### [Problem description]
Those lines of the records that contain "Long" are to be located and copied.

### [Available records]

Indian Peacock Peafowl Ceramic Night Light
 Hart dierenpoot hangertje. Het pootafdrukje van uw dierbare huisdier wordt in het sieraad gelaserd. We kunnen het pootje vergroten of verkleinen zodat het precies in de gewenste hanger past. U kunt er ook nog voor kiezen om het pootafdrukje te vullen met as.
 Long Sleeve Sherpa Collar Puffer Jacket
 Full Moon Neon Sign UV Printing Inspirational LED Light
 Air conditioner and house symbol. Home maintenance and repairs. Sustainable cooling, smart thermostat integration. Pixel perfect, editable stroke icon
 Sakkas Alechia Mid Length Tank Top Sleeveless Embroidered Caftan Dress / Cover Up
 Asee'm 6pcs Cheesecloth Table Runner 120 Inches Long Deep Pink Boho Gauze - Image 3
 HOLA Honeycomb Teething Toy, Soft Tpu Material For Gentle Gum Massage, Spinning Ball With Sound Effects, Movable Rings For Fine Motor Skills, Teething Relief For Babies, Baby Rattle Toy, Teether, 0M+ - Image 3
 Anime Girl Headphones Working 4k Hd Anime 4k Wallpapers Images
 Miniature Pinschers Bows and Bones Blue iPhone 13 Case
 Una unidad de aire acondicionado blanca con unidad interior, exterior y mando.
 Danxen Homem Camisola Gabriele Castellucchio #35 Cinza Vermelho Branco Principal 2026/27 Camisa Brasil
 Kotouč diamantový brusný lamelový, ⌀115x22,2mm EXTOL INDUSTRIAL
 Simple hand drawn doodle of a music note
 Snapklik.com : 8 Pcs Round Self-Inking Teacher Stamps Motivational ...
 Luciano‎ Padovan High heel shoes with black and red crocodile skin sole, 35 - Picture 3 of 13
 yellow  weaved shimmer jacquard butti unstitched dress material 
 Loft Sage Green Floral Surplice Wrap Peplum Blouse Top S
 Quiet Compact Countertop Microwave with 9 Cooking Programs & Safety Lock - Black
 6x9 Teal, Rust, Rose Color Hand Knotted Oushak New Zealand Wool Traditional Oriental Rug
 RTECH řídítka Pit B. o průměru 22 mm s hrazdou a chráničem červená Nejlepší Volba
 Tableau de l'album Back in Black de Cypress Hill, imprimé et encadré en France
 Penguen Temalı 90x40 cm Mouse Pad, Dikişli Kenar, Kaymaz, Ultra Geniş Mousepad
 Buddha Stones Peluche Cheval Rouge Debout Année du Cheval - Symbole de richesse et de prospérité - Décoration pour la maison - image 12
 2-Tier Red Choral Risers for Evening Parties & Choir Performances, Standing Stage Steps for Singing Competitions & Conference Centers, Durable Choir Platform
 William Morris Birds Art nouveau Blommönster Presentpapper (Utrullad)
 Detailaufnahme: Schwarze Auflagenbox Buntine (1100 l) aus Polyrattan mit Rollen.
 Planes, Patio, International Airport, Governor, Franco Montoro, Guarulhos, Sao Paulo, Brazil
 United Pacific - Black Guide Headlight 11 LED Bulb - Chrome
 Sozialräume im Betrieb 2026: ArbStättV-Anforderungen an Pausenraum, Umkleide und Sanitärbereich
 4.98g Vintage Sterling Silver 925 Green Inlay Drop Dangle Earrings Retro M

### [Answer to this task]
 Long Sleeve Sherpa Collar Puffer Jacket
 Asee'm 6pcs Cheesecloth Table Runner 120 Inches Long Deep Pink Boho Gauze - Image 3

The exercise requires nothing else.